I have seen on here alot of guys doing mods to their saws.Was just wondering what can be done relativly easy to a Stihl 028 AV Super and what would be the overall benifit of doing said mod?


----------



## BrotherBart (Nov 20, 2011)

Probably folks here will have some tips but if I was going to hot rod my saws I would check out arboristsite.com. Those guys are seriously into that stuff.


----------



## wkpoor (Nov 20, 2011)

An 028 isn't much to mod. One thing almost every saw benefits from is a simple and cheap muffle mod. Gut the muffler and put another goes outcha. You can buy the little deflector and screen. As for porting every saw is different. Some take well to porting and some not so. Mostly its years of trial and error to see what works along with experience in how to do it. Like BB said arboristsite will guide you. My advise is to not worry about it unless at least 25% gain can be achieved. There are saws that take well to mods and if you want to have a modded saw then just go with a proven formula. I have a 346XP that is 40% more over stock. I bought it used and paid less than a new saw and it still looks new. Amazing wicked light weight cutting machine. The best advantage is more power in a smaller package. Another one thats real good is the 357XP. Dan Henry is reputable builder and can do that. There is another close me, Brad Snelling that has been doing some nice port work mostly on Stihls. All these guys are on the site. Also racesaws is anoter site but its mostly invitation only and those guys are pretty serious about their saws. 
Sometime I harp alot on is for people interested in leaning more about saws and cutting is find a local GTG. You will amazed at what you can learn and maybe get a chance to run different saws. My last GTG 150 chainsaws showed up. More than any one person cold run in an afternoon. Lots of racing and lots of just cutting cookies testing saws big and small.


----------



## smokinj (Nov 21, 2011)

There is a crap ton that could be done, just depends what you want to put in it. Personally I would run it stock most of what you hear on saws is loosing up the exhaust side and making the ports wider. Thinner head base gasket, wider ports bigger exhaust will pick up about 8-10 percent on your saw.


----------



## BrotherBart (Nov 21, 2011)

Best saw mod you can make. Learn how to sharpen the chain.


----------



## wkpoor (Nov 21, 2011)

BrotherBart said:
			
		

> Best saw mod you can make. Learn how to sharpen the chain.


+1
That it taught at GTGs also. Both with basic round file and square grind with square or goofy file. And if your lucky to be at a race GTG you'll see some race chains and how they are filed. That will open your eyes and make you wonder why you through out those old chains you thought where worn out. I had a guy show up to most of mine just to watch, all he did was sharpen chains and like to watch em race. 

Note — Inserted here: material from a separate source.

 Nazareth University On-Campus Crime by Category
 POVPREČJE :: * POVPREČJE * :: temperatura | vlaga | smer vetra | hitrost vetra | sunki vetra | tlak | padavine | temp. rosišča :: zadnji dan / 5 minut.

FYI a good race chain will cost 800-1000 bucks and takes about 40hrs to produce and can be made from a worn out full comp chisel chain. Entire chain is taken apart, links milled thinner, and teeth hand filled then reassembled. No 2 are alike unless from the same builder. Those typically don't show at the local races but a less time consuming version does. I had one on lone for a while. They make a fast saw even faster.


----------



## MasterMech (Nov 21, 2011)

wkpoor said:
			
		

> BrotherBart said:
> 
> 
> 
> ...



I would think they would grind them down on a surface grinder.  I have access to a lot of old chain and a surface grinder.  Hmm......  :coolhmm:


----------



## smokinj (Nov 21, 2011)

MasterMech said:
			
		

> wkpoor said:
> 
> 
> 
> ...



Few ways to do this but first I would add if your not running .043 and acn your missing the boat...lol There just building a smaller kerf, and I its a fine line but I would rather use a hand file. Leave the chain together. This can take monster hours to make one good chain.


----------



## Danno77 (Nov 21, 2011)

port, squish, mufmod, and maybe a slightly bigger plug. Never been inside my 028 to know what the clearance to plug is.

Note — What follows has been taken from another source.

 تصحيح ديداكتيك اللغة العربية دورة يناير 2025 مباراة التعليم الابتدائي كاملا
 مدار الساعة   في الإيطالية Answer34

you could probably notice a difference. but you'd spend something like 5 - 10 hours doing this stuff to save 1 minute of work per cord. if you burn 5 cords a year, that 5 min a year, so if you do that for 60 years, you'll make your time back.

lol. Not worth it. Buy a bigger saw, payback is faster.

NOW, if you wanna do it because you like to tinker at the bench in the middle of winter, then by all means I think you should. I'm finding it's much more rewarding to bring the dead ones back to life than it is to tinker with the already living ones, though, so maybe consider that.

DO research this modding stuff, even if you don't plan on doing it. It goes a long way towards helping you really understand what happens in a good 2cycle engine.


----------



## wkpoor (Nov 21, 2011)

I would only try one that I was going to scrap anyway. Many a modded saw came out slower than stock. Unless you have a blueprint from a proven example its hit or miss. Problem there is most people when they get it right won't let out what they did.


----------